PROBLEM STATEMENT =>
The required output is the stretch from the line containing "Шапка мужская Calvin Klein" through the line containing "Jawa 550 pařez bez TP - 5" in the records below, unaltered and with no pictures.

____ DATASET RECORDS

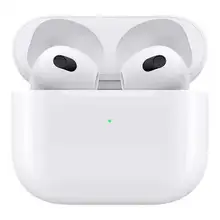   		再降价、88VIP：Apple 苹果 AirPods 3 半入耳式真无线蓝牙耳机 MagSafe充电盒版 983.25元包邮 		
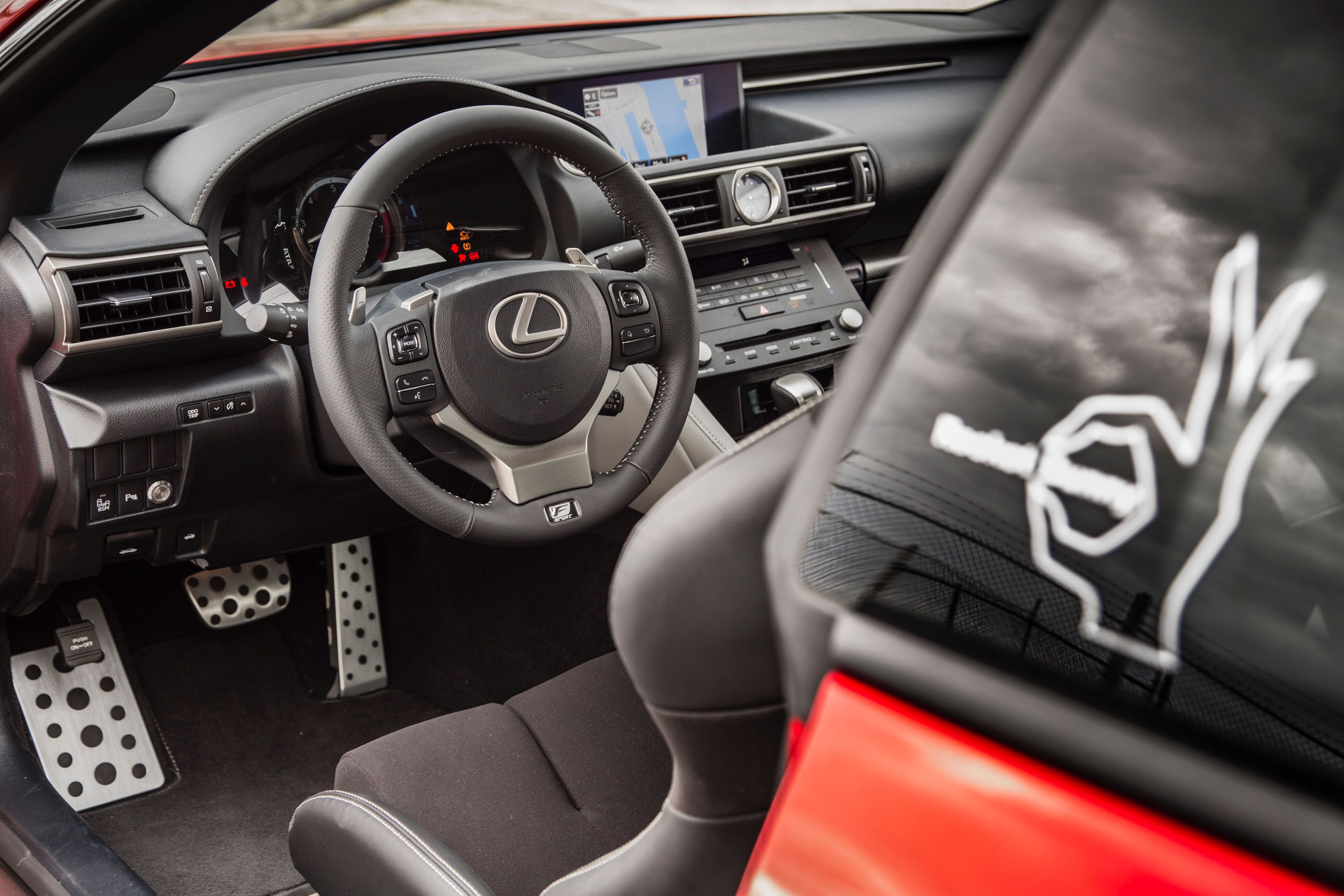 2015 Lexus RC 350 F SPORT by Gordon Ting/Beyond Marketing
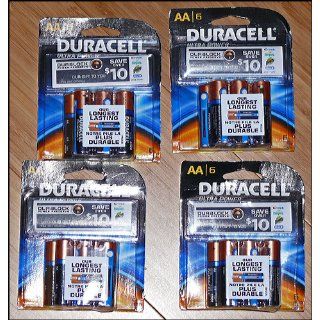 Duracell Coppertop AA 24 Alkaline Batteries (Packaging May Vary) Health & Personal Care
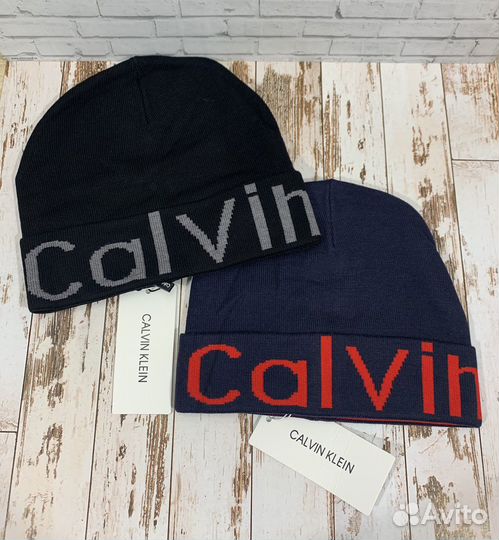 Шапка мужская Calvin Klein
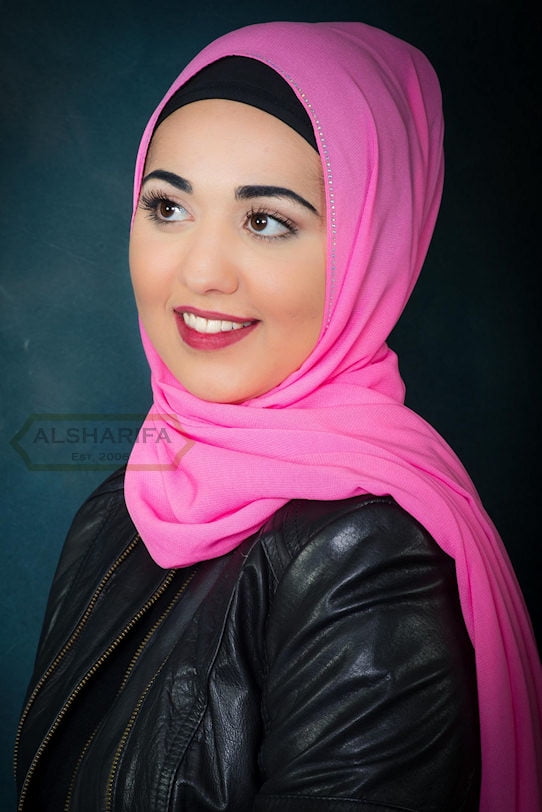 Women Cotton Shawl Glitter Scarf Muslim Head Wrap Scarves HijabShimmer Shayla 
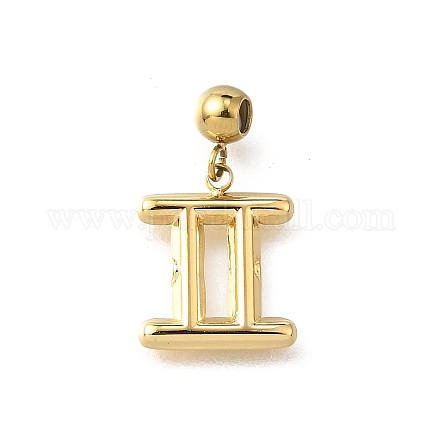 Подвески из нержавеющей стали 304 STAS-H202-01G-02-1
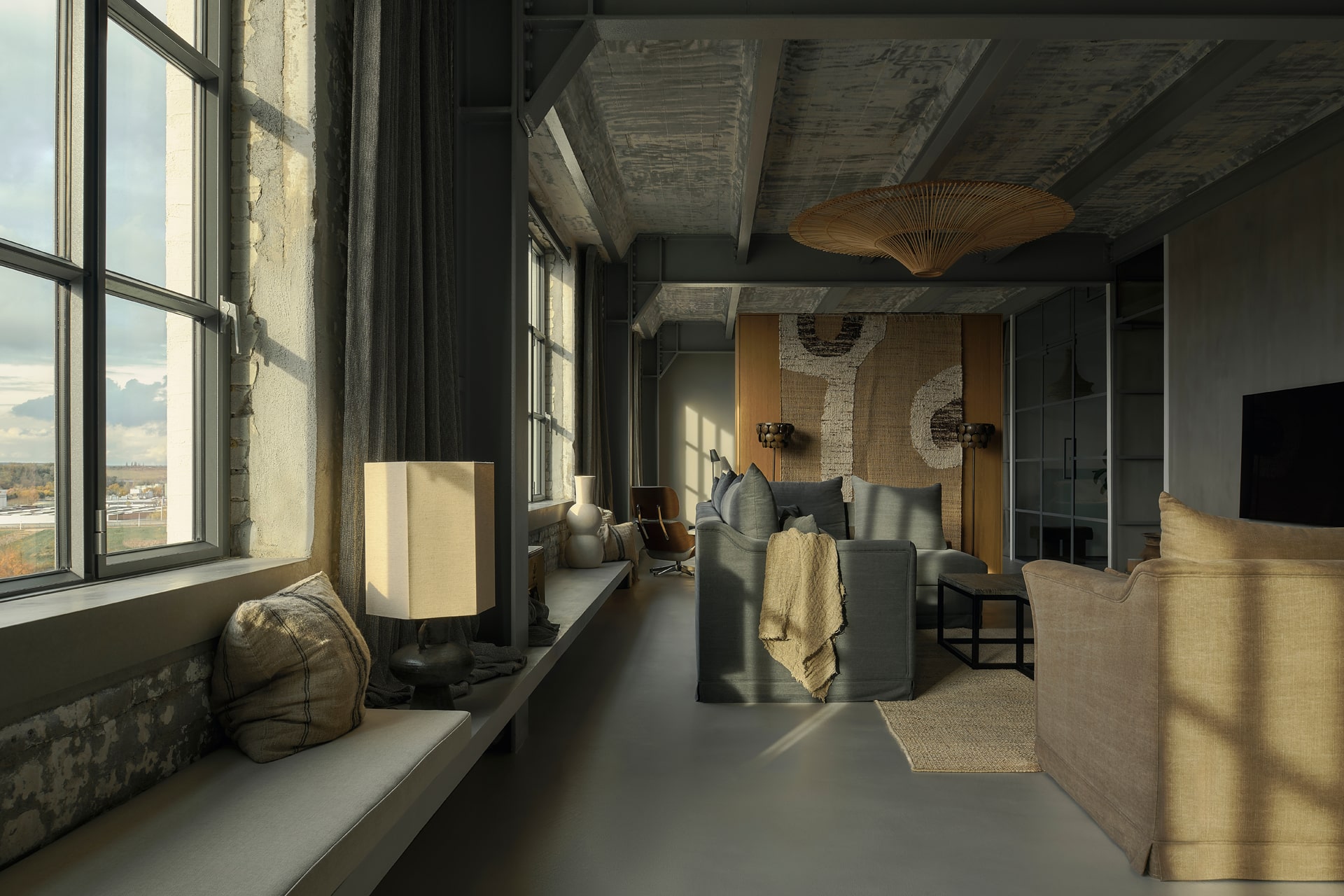 rustpunt in loft
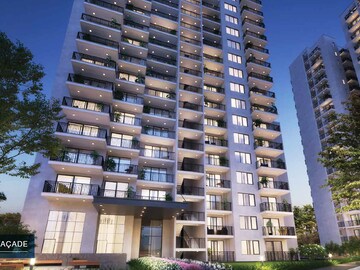 4 BHK Apartment – Exterior View View at Godrej Habitat, Sector 3 - for Sale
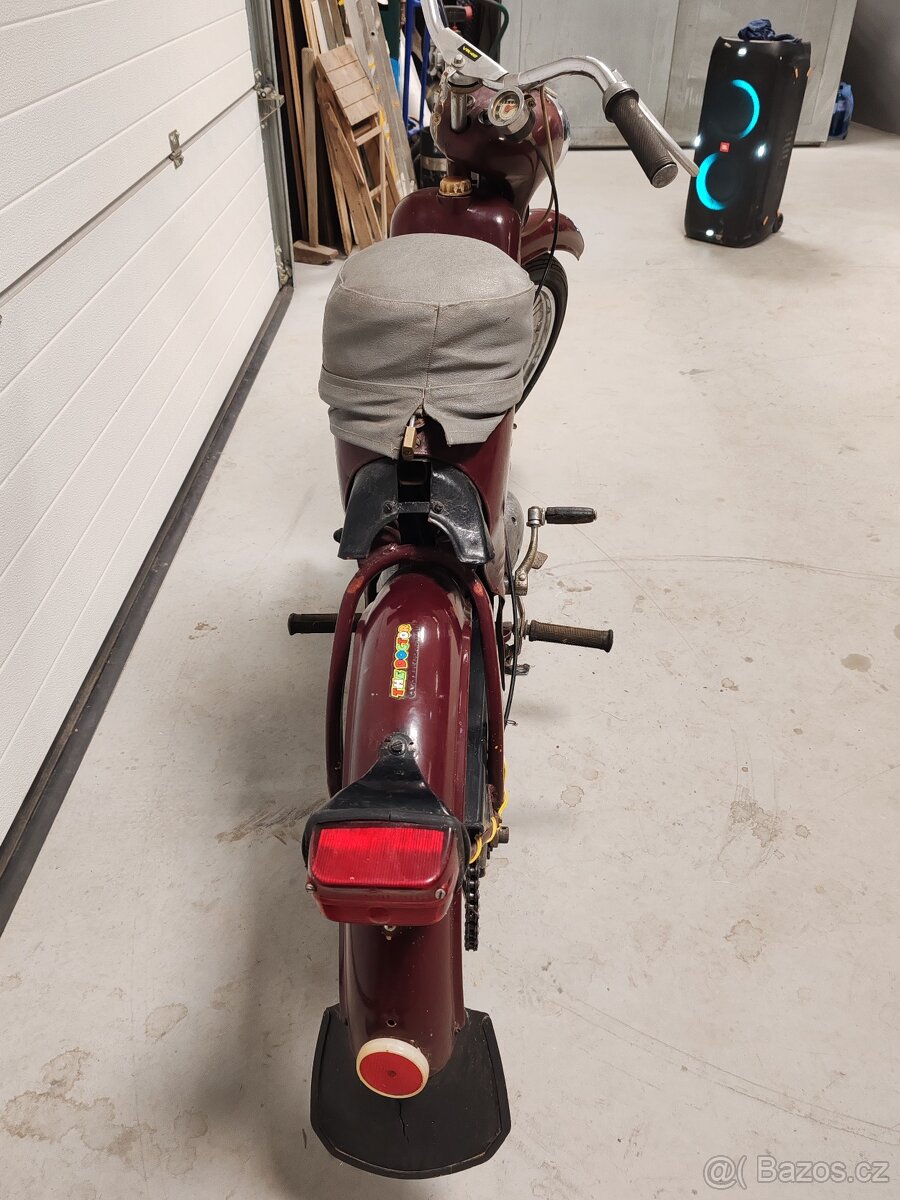 Jawa 550 pařez bez TP - 5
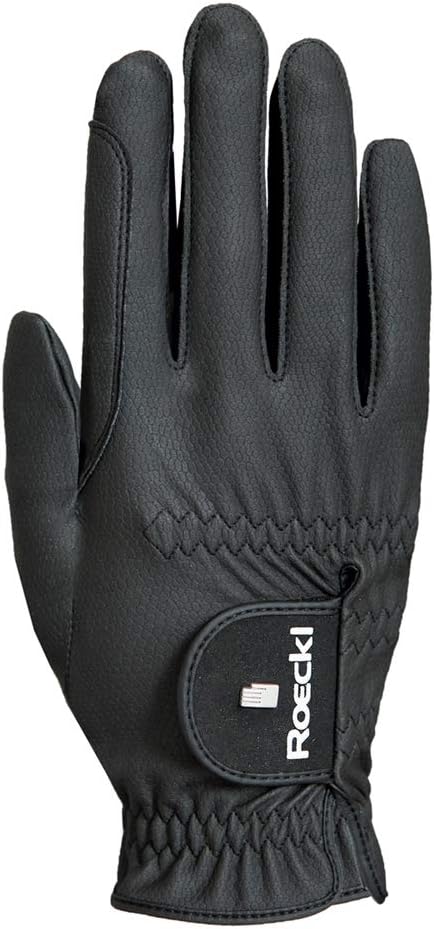 Roeck-Grip Pro Unisex Gloves 7 Black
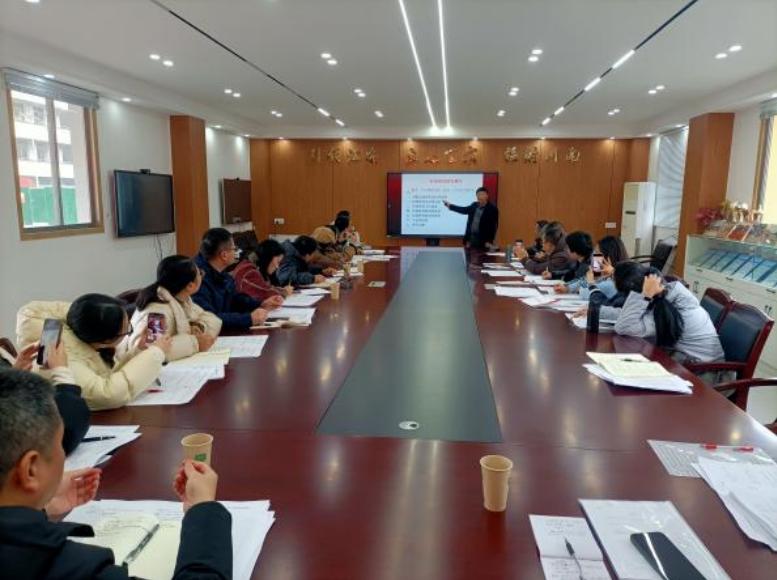 江安县淯江初级中学校：深化融合强监测 精研提质促发展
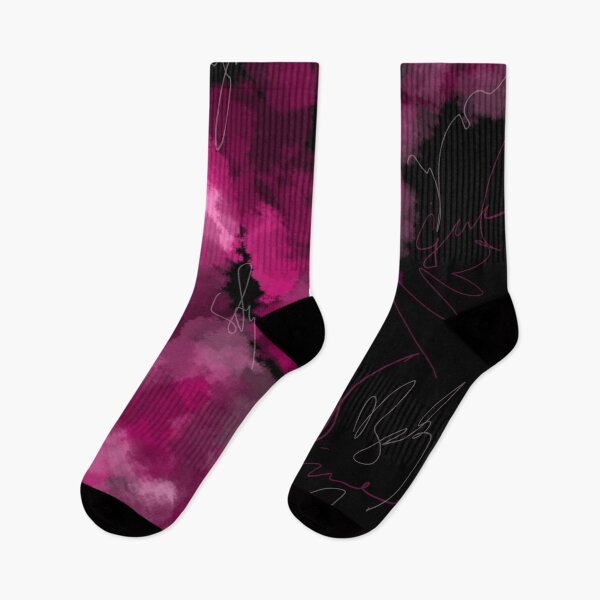 Item preview, Abstract Pink and Black painting designed and sold by SILVERAPPLE.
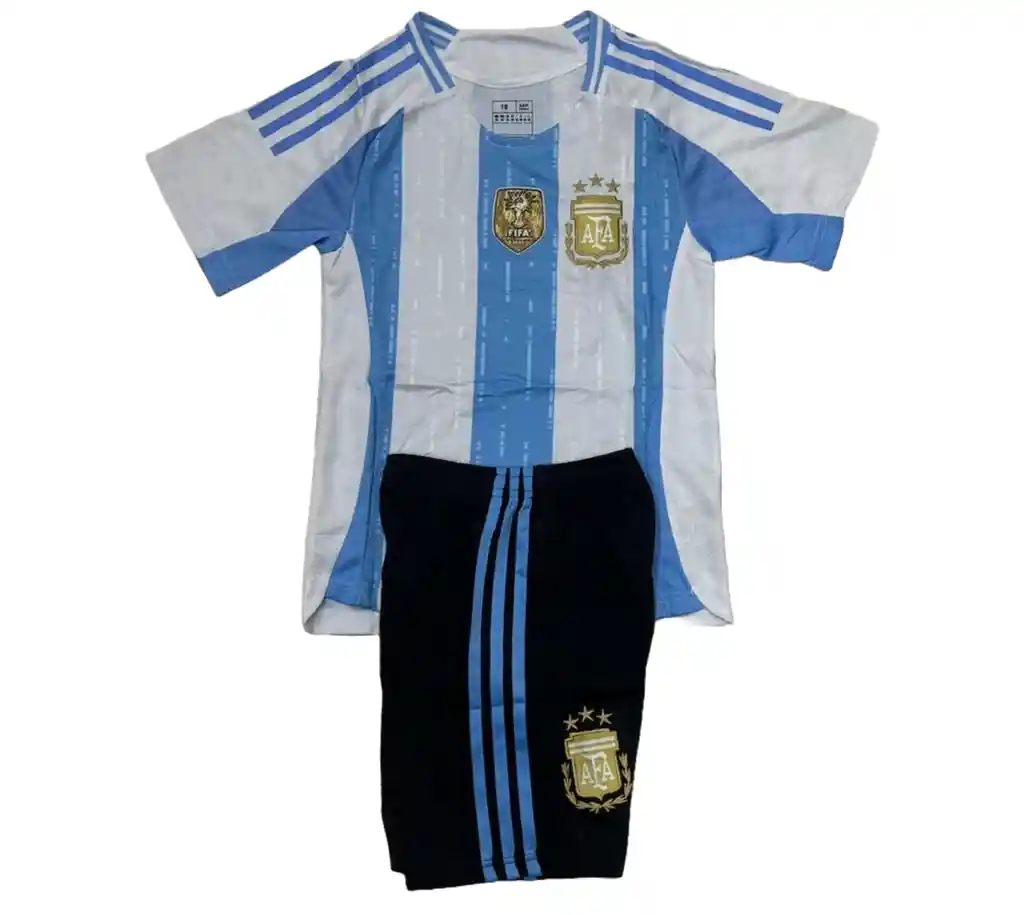 Uniforme Argentina Niño Talla 16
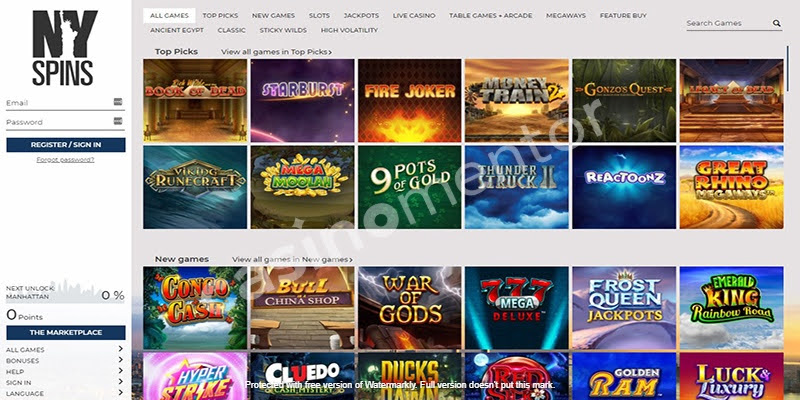 Homepage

________

RESULT =>
 Шапка мужская Calvin Klein
 Women Cotton Shawl Glitter Scarf Muslim Head Wrap Scarves HijabShimmer Shayla 
 Подвески из нержавеющей стали 304 STAS-H202-01G-02-1
 rustpunt in loft
 4 BHK Apartment – Exterior View View at Godrej Habitat, Sector 3 - for Sale
 Jawa 550 pařez bez TP - 5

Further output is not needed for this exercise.